Projects Like Arrakis, Gamma and Maverick Offer Automated Investment Strategies For Retail Investors

By: Jeremy Nation Loading...

DeFi LPs Turn To Liquidity Managers To Tackle Uniswap V3 Complexity

With the widespread adoption of Uniswap V3, the latest iteration of the leading decentralized exchange, the landscape of DeFi liquidity management underwent a radical shift.

Uniswap V3 offers vastly improved capital efficiency but also introduced mechanisms that require liquidity providers (LPs) to constantly rebalance their assets to optimize fee earnings.

As LPs rebalance, any impermanent loss they face becomes permanent when assets shift to new trading ranges. Further, the transactions for rebalancing often cost significant amounts in gas fees, particularly on Ethereum, often unaffordable for retail investors.

Protocols that provide liquidity management on Uniswap V3 are now catering to a growing market of users seeking a simpler means to interact with the DEX and maintain an edge in the DeFi market.

One such option for traders is Maverick Protocol, a dynamic distribution automated market maker (AMM) that recently deployed its platform on Base, Coinbase’s Layer 2 network.
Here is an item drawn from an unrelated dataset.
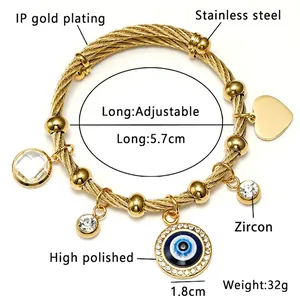 Detail of adjustable gold stainless steel rope bracelet with evil eye and zircon charms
Maverick enables users to efficiently deploy capital into DeFi markets with easily understood strategies, such as mode right which trades strategically to benefit as an asset’s price increases, mode left which does the same as an asset decreases in value, or mode static which optimizes trading for sideways price movement.

Maverick TVL

With Maverick’s launch on Base, users can now harness the protocol to optimize capital efficiency, use Maverick’s surgical liquidity incentivization tool, and earn additional rewards with the veMAV governance token.

Competing For Supremacy

Maverick isn’t alone when it comes to managing liquidity. In fact, the protocol is still catching up with Gamma, which launched two years ago and now has $77M in TVL after a resurgence in 2023.

Gamma TVL

However, despite this year’s growth for both projects, Maverick and Gamma are still dwarfed by liquidity manager Arrakis. Even though it’s down 90% from a peak TVL of $1.8B in July 2022, the protocol still currently maintains $186M TVL across its V1 and V2 deployments.

Arrakis TVL


Maverick CTO Bob Baxley told The Defiant he looks forward to onboarding what he estimates to be 100M users on Base to the DeFi ecosystem, saying that “Base clearly has all their ducks in a row.”

On Base, a good deal of liquidity is locked up in Coinbase Wrapped ETH (cbETH), the exchange’s LST, which Maverick is optimized for, according to Baxley.

“We think of Maverick as the LST AMM,” said Baxley, adding that Maverick is ”great for stablecoins as well because you can replicate any AMM curve on Maverick.”

But there are some things that can only be done on Maverick, according to Baxley, such as follow-up prices in liquidity pairs, which helps with less volatile pairs including stablecoins and LSTs.

Maverick’s cbETH pool on Base “is already doing more than 100% capital efficiency,” said Baxley.